Edit As Arkku brought up in the comments, make sure your character array is still NUL-terminated (the \0 character), and you can check on that case instead. Make sure you're not trimming the NUL character from the end either.
Declaring your main() function simply as main() is an obsolete style that should not be used. The function must be declared either as int main(void) or as int main(int argc, char *argv[]).
Your input process does not null-terminate your input. This means that what you're working with is not a "string", because a C string, by definition, is an array of char that the last element is a null character ('\0'). Instead, what you've got are simple arrays of char. This wouldn't be a problem as long as you're expecting that, and indeed your code is passing array lengths about, but you're also trying to print it with printf(), which requires C strings, not simple arrays of char.
Your reverse() function has an off-by-one error, because you aren't accounting for the fact that C arrays are zero-indexed, so what you're reversing is always one byte longer than your actual input.
What this means is that if you call reverse(output, input, 10), your code will start by assigning the value at input[10] to output[0], but input[10] is one past the end of your data, and since you didn't initialize your arrays before starting to fill them, that's an indeterminate value.
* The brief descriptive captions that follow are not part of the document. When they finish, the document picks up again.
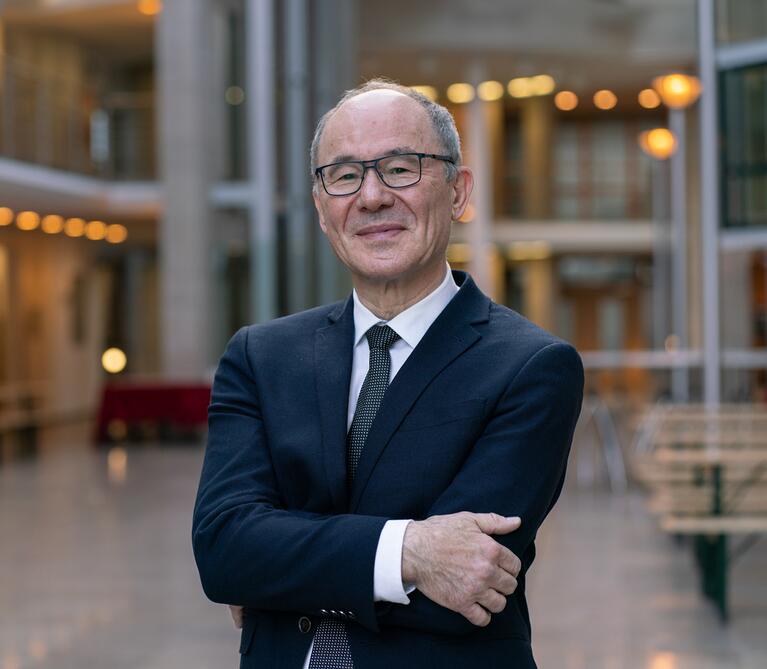 Portrait Prof. Frank Bulthaupt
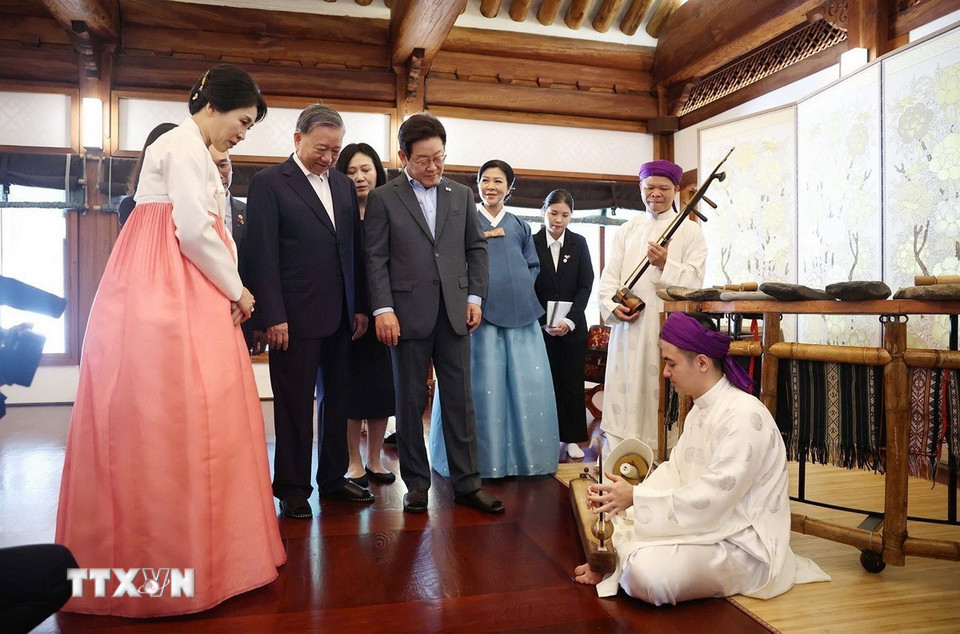 Tổng Bí thư Tô Lâm và Phu nhân cùng Tổng thống Hàn Quốc Lee Jae Myung và Phu nhân xem biểu diễn đàn bầu truyền thống của Việt Nam. (Ảnh: Thống Nhất/TTXVN)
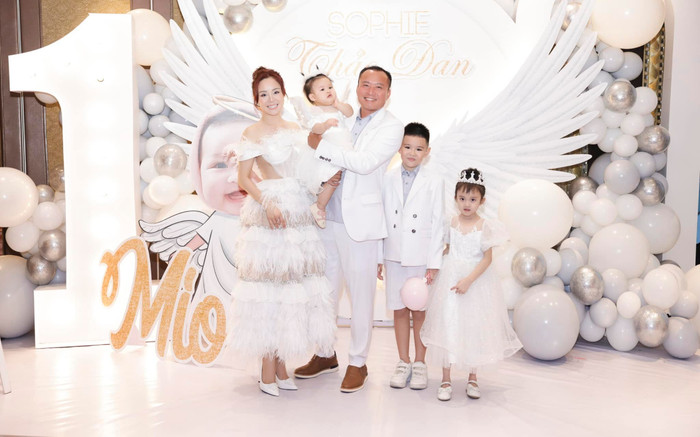 Vy Oanh tổ chức tiệc sinh nhật hoành tráng cho hai con, nhan sắc mẹ bỉm 3 con chiếm trọn spotlight Ảnh 2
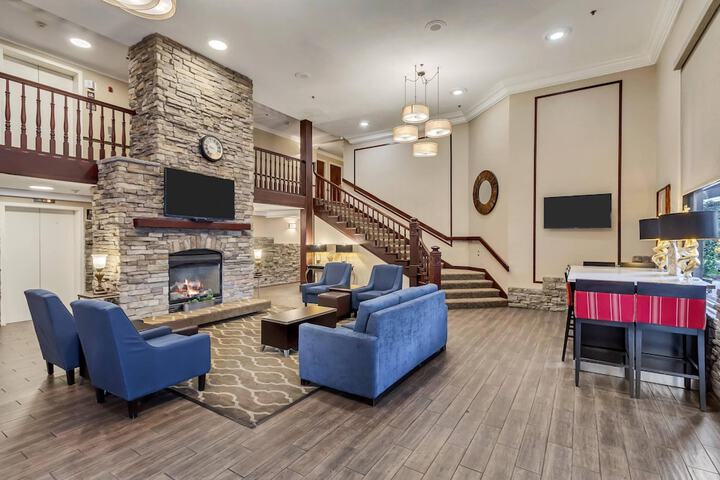 Hotel Lobby
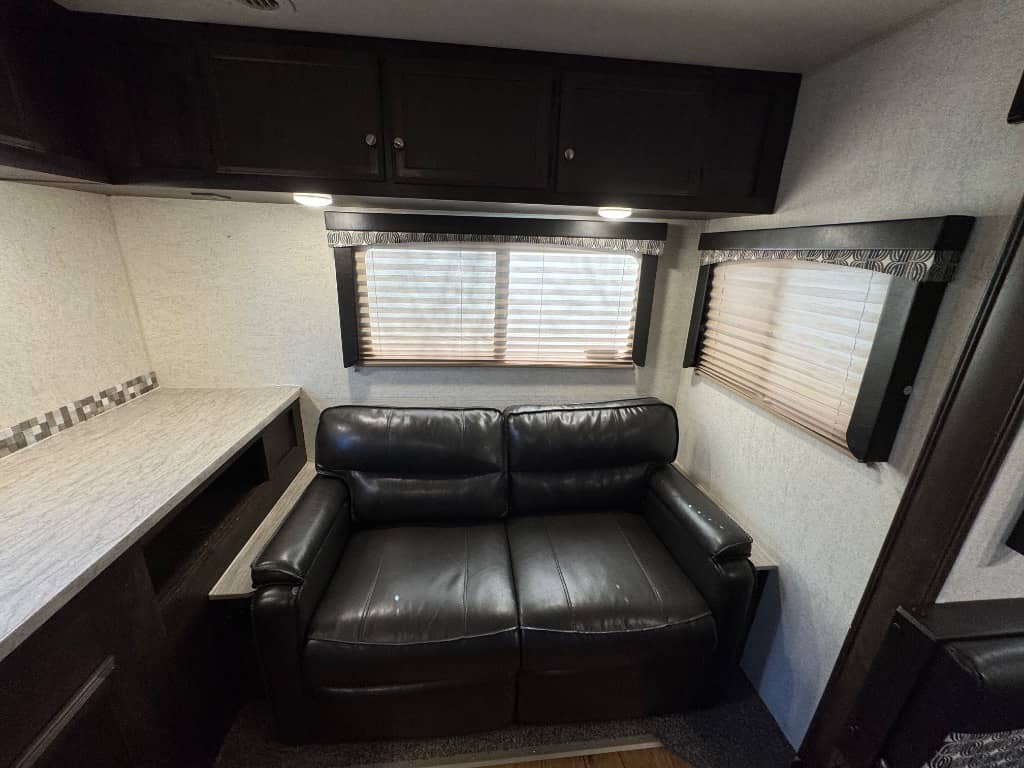 2018 2018 null JYSA - thumbnail 8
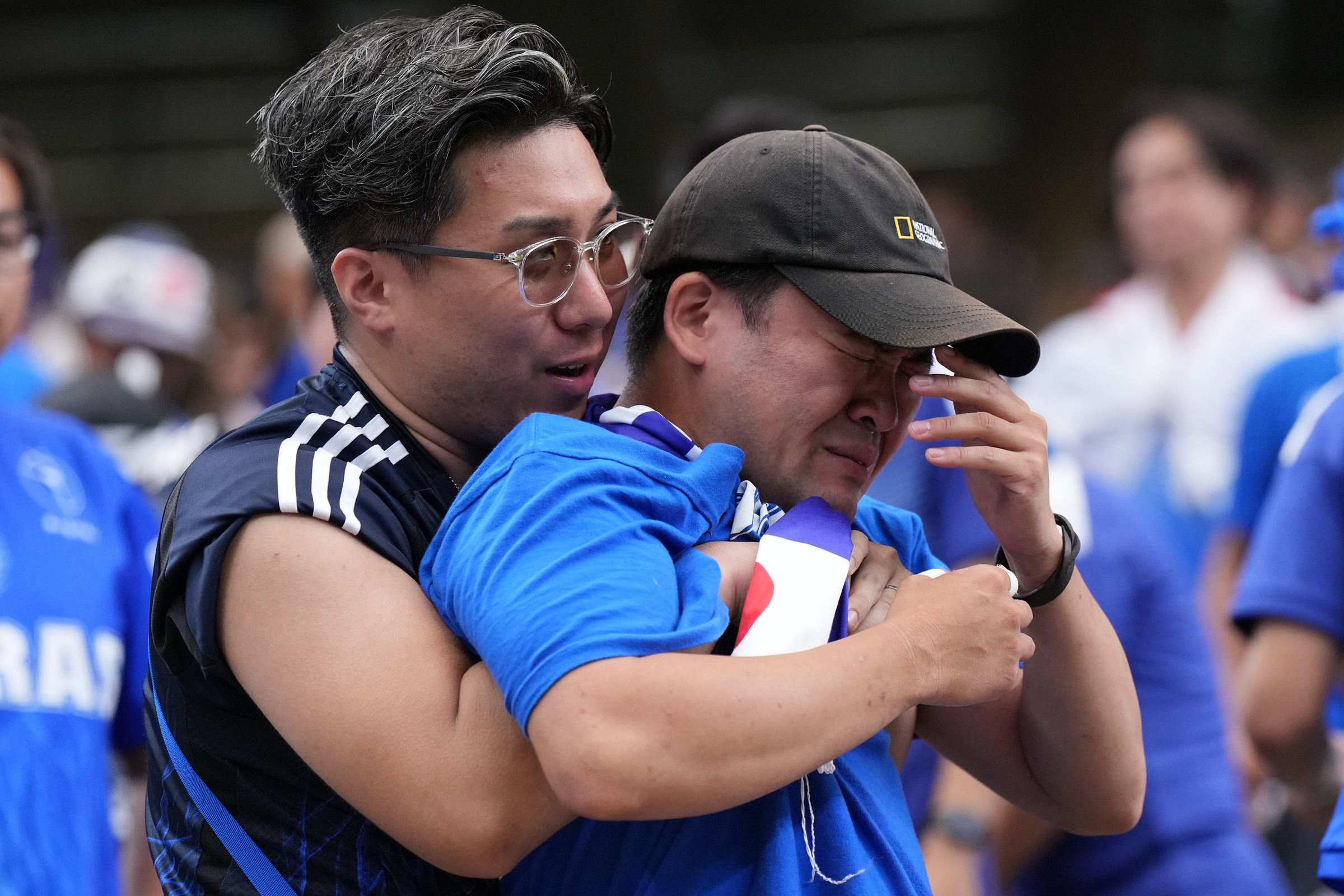 Nỗi nuối tiếc của CĐV Nhật khi đội tuyển bị loại khỏi World Cup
In my testing, that indeterminate value happens, coincidentally, to have zero values much of the time, which means that output[0] gets filled with a null ('\0').
You need to be subtracting one more from the index into the input than you actually are. The loop-termination condition in the reverse() function is also wrong, in compensation, that condition should be len - i > 0, not len - i >= 0.
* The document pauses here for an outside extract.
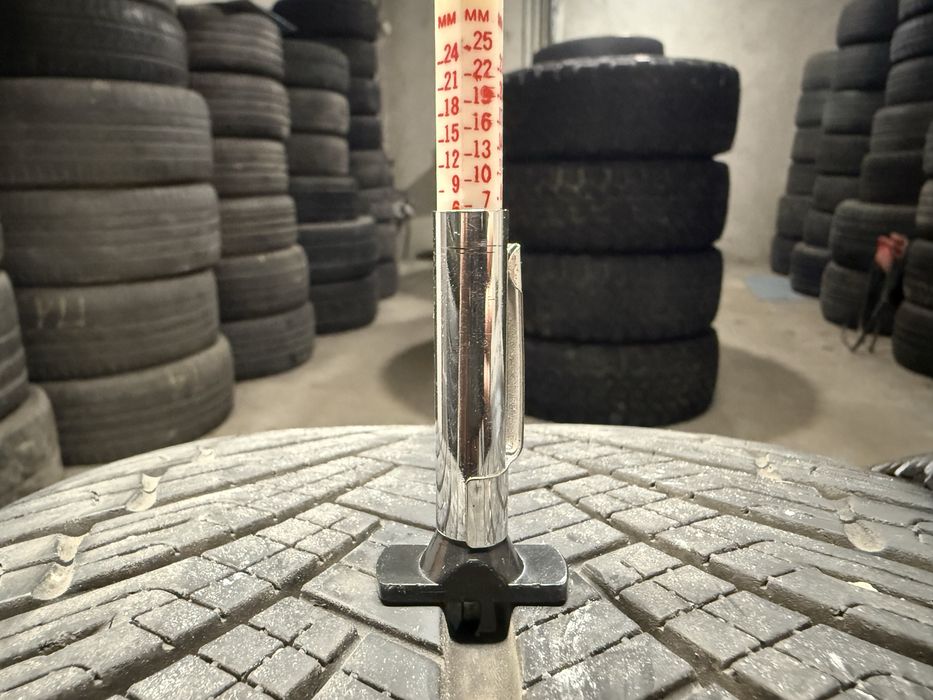 Всесезонни гуми 245/40/19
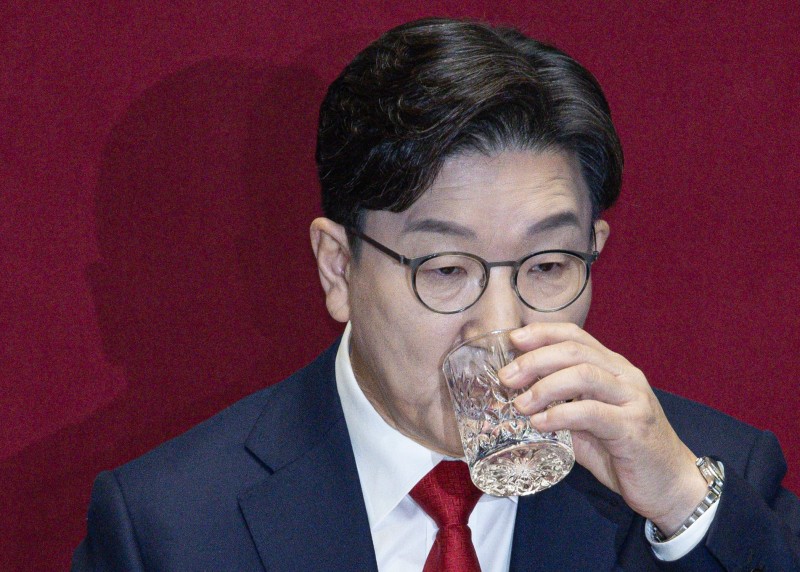 민주, <b>권성동</b> <b>연설</b>에 “34쪽 거짓과 궤변… 여당 포기 선언문”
Your trim() function is unnecessarily complex. Additionally, it too has an incorrect loop condition to compensate for the off-by-one error in reverse(). The loop should be while ( i < len ), not while ( i <= len ).
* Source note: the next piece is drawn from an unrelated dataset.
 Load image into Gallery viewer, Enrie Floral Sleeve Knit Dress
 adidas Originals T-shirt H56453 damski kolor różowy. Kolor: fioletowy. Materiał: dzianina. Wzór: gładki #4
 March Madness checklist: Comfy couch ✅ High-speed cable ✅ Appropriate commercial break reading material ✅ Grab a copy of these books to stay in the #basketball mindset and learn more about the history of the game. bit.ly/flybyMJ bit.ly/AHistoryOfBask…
Additionally, the trim() function has the ability to reduce the size of your data, but you don't provide a way to retain that information. (I see in the comments of Arkku's answer that you've corrected for this already. Good.)
Once you've fixed the issue with not keeping track of your data's size changes, and the off-by-one error which is copying indeterminate data (which happens, coincidentally, to be a null) from the end of the blockout array to the beginning of the blockprint array when you do the second reverse(), and you fix the incorrect <= condition in trim() and the incorrect >= condition in reverse(), and you null-terminate your byte array before passing it to printf(), your program will work.
(Moved from comments to an answer)
My guess is that the problem is outside this function, and is caused by the fact that in the described problem cases the output is shorter than the input. Since you are passing the length of the string as an argument, you need to calculate the length of the string after trim, because it may have changed...
For instance, passing an incorrect length to reverse can cause the terminating NUL character (and possibly some leftover whitespace) to end up at the beginning of the string, thus making the output appear empty.
edit: After seeing the edited question with the code of reverse included, in addition to the above problem, your reverse puts the terminating NUL as the first character of the reversed string, which causes it to be the empty string (in some cases your second reverse puts it back, so you don't see it without printing the output of the first reverse). Note that input[len] contains the '\0', not the last character of the string itself.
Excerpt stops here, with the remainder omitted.